What to do:
The answer must be an exact copy of the lines from the one with "19, BROADLANDS AVENUE, BOURNEMOUTH, BH6" through the final line below, with no pictures and nothing else.

Given information:
________________________________________

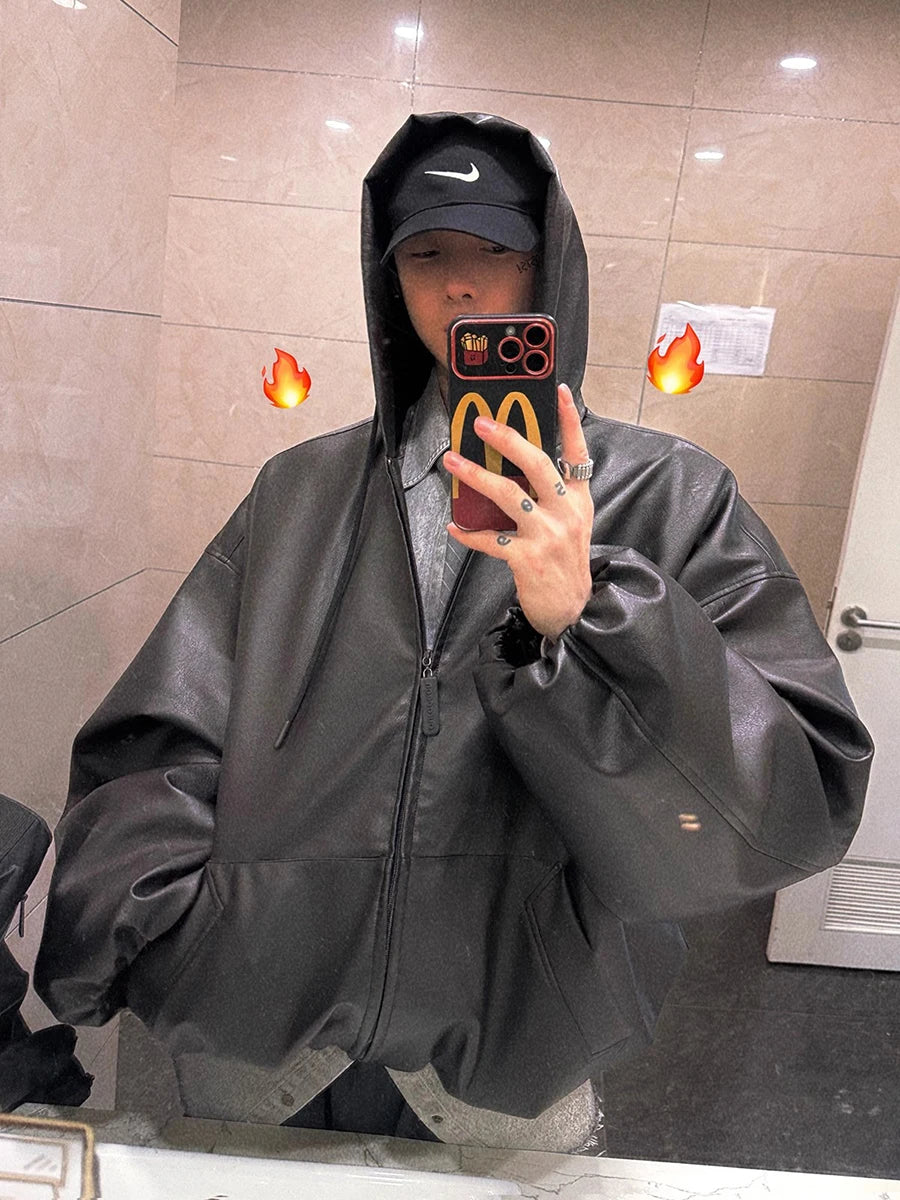 Mauroicardi Oversized Black PU Hooded Jacket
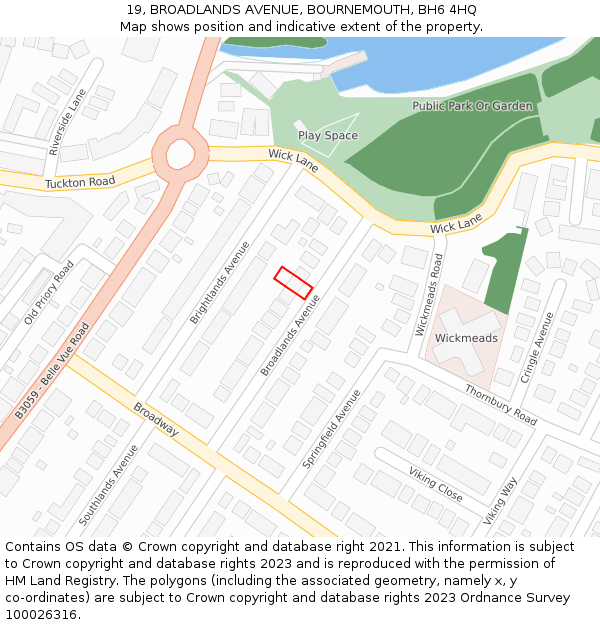 19, BROADLANDS AVENUE, BOURNEMOUTH, BH6 4HQ: Location map and indicative extent of plot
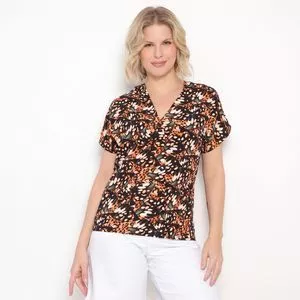 Blusa Com Botões<BR>- Preta & Laranja Escuro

________________________________________

Output for this task:
 19, BROADLANDS AVENUE, BOURNEMOUTH, BH6 4HQ: Location map and indicative extent of plot
 Blusa Com Botões<BR>- Preta & Laranja Escuro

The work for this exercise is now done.